The following settings are available:

  • session_cookie: The name of the session cookie. The default value is beng_proxy_session.

  • session_cookie_same_site: Enable the SameSite attribute in the session cookie (see RFC 6265 5.3.7). Supported values are strict, lax and none.

  • dynamic_session_cookie: Append a suffix to the session cookie generated from the Host request header if set to yes. This is a measure to increase sessions separation of different hosts under the same domain, accounting for mainstream user agents that are known to ignore the Domain cookie attribute. It is not guaranteed to be collision-free.

  • session_idle_timeout: After this duration, a session expires, unless it gets refreshed by a request. Example: 30 minutes.

  • max_connections: The maximum number of incoming HTTP connections.

  • tcp_stock_limit: The maximum number of outgoing TCP connections per remote host. 0 means unlimited, which has shown to be a bad choice, because many servers do not scale well.

  • lhttp_stock_limit: The maximum number of LHTTP process copies. 0 means unlimited.

  • lhttp_stock_max_idle: The maximum number of idle LHTTP process copies. If there are more than that, a timer will incrementally kill excess processes.

  • fastcgi_stock_limit: The maximum number of child processes for one FastCGI application. 0 means unlimited.

  • fastcgi_stock_max_idle: The maximum number of idle child processes for one FastCGI application. If there are more than that, a timer will incrementally kill excess processes.

  • was_stock_limit: The maximum number of child processes for one WAS application. 0 means unlimited.

  • was_stock_max_idle: The maximum number of idle child processes for one WAS application. If there are more than that, a timer will incrementally kill excess processes.

  • multi_was_stock_limit: The maximum number of child processes for one Multi-WAS application. 0 means unlimited.

  • multi_was_stock_max_idle: The maximum number of idle child processes for one Multi-WAS application. If there are more than that, a timer will incrementally kill excess processes.

  • remote_was_stock_limit: The maximum number of Multi-WAS connections to one Remote-WAS application. 0 means unlimited.

  • remote_was_stock_max_idle: The maximum number of idle Multi-WAS connections to one Remote-WAS application. If there are more than that, a timer will incrementally kill excess connections.

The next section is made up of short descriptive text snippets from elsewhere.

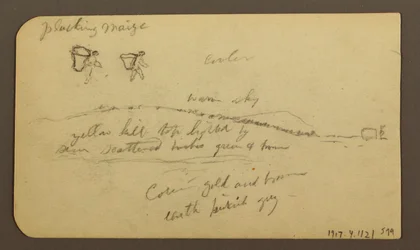 Raues Gebirge über einer Ebene; Verso: Figuren, Landschaft, 12. Dezember 1884
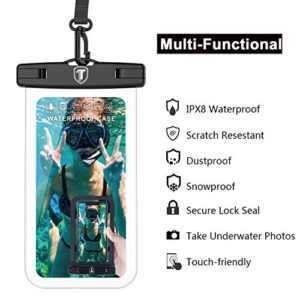 Takfox Waterproof Phone Pouch for Samsung Galaxy S23 Ultra S22 Plus S21 S20 FE Note 20 A02S A12 A03S A13 A14 A11 A21 A51 A71 A32 A23 A42 A52 A53 iPhone 14 Pro Max Cell Phone Dry Bag Case[2-Pack]-Clear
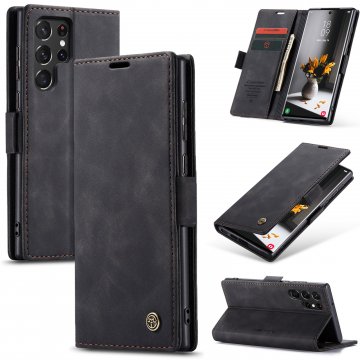 CaseMe Samsung Galaxy S22 Ultra Wallet Magnetic Case Black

  • {lhttp,fastcgi,was,multi_was,remote_was}_stock_max_wait: If the stock wait time goes above this threshold, then further waiters fail with HTTP status “418 Too Many Requests”. Value is a duration followed by a unit, e.g. 5s or 800ms. By default, there is no maximum wait time.

  • http_cache_size: The maximum amount of memory used by the HTTP cache. Set to 0 to disable the HTTP cache.

  • http_cache_obey_no_cache: Set to no to ignore no-cache specifications in Pragma and Cache-Control request headers.

  • filter_cache_size: The maximum amount of memory used by the filter cache. Set to 0 to disable the filter cache.

  • encoding_cache_size: The maximum amount of memory used by the encoding cache (which caches compressed responses). Set to 0 to disable the encoding cache.

  • translate_cache_size: The maximum number of cached translation server responses. Set to 0 to disable the translate cache.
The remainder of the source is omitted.